═════ Extracted entries ═════
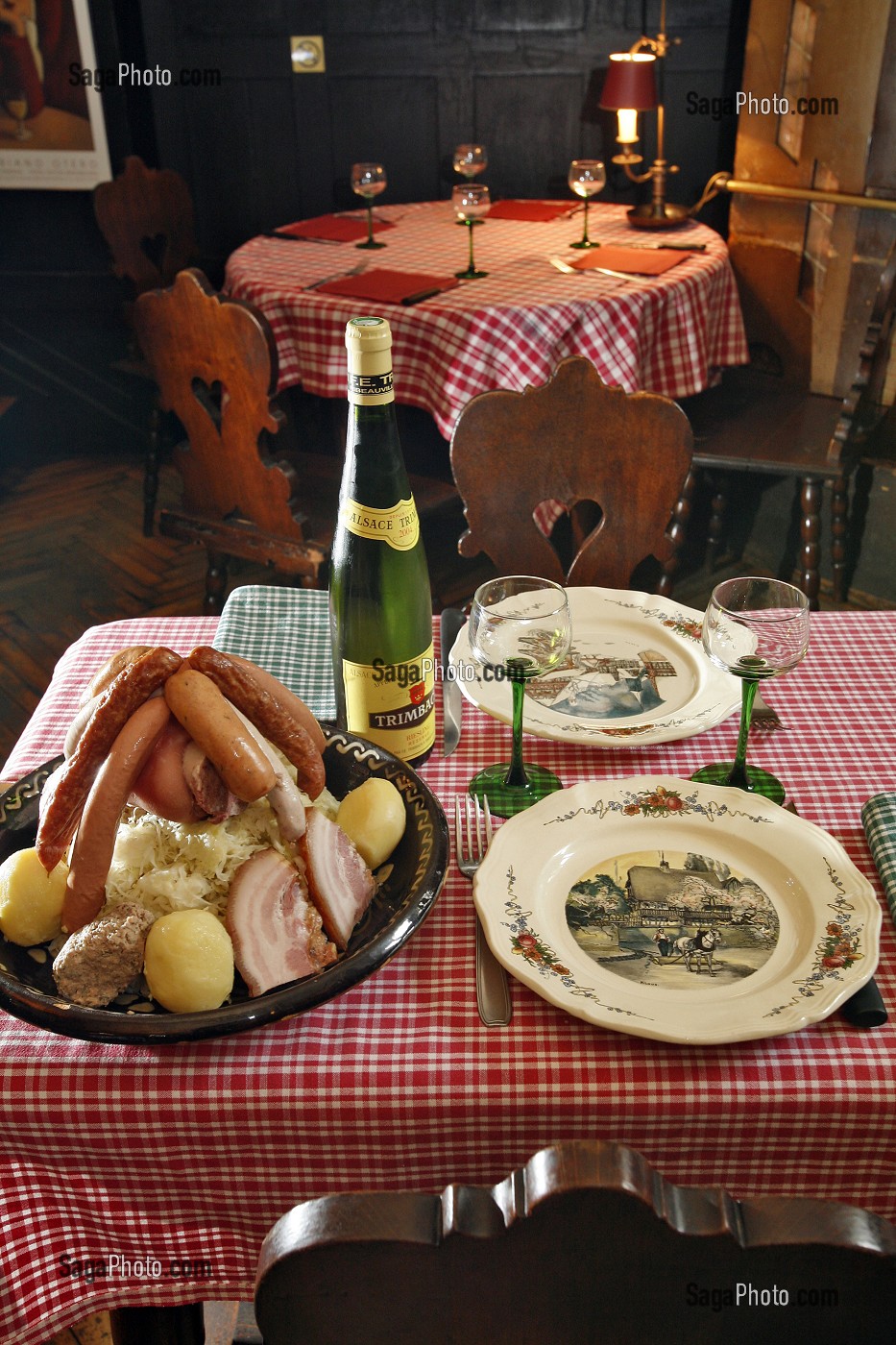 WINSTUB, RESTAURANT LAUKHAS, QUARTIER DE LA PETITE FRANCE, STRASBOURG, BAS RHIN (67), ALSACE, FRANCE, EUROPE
═════
═════ Extracted entries ═════
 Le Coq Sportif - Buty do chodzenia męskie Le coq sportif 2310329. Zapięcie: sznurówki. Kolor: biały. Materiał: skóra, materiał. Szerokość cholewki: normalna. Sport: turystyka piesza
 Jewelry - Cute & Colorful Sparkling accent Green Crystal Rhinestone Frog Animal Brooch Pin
═════
• About this task: Starting at the line that has "Le Coq Sportif - Buty" and ending at the line that has "Jewelry - Cute", please write out the lines above exactly, leaving out all others.

• Answer section:
 Le Coq Sportif - Buty do chodzenia męskie Le coq sportif 2310329. Zapięcie: sznurówki. Kolor: biały. Materiał: skóra, materiał. Szerokość cholewki: normalna. Sport: turystyka piesza
 Jewelry - Cute & Colorful Sparkling accent Green Crystal Rhinestone Frog Animal Brooch Pin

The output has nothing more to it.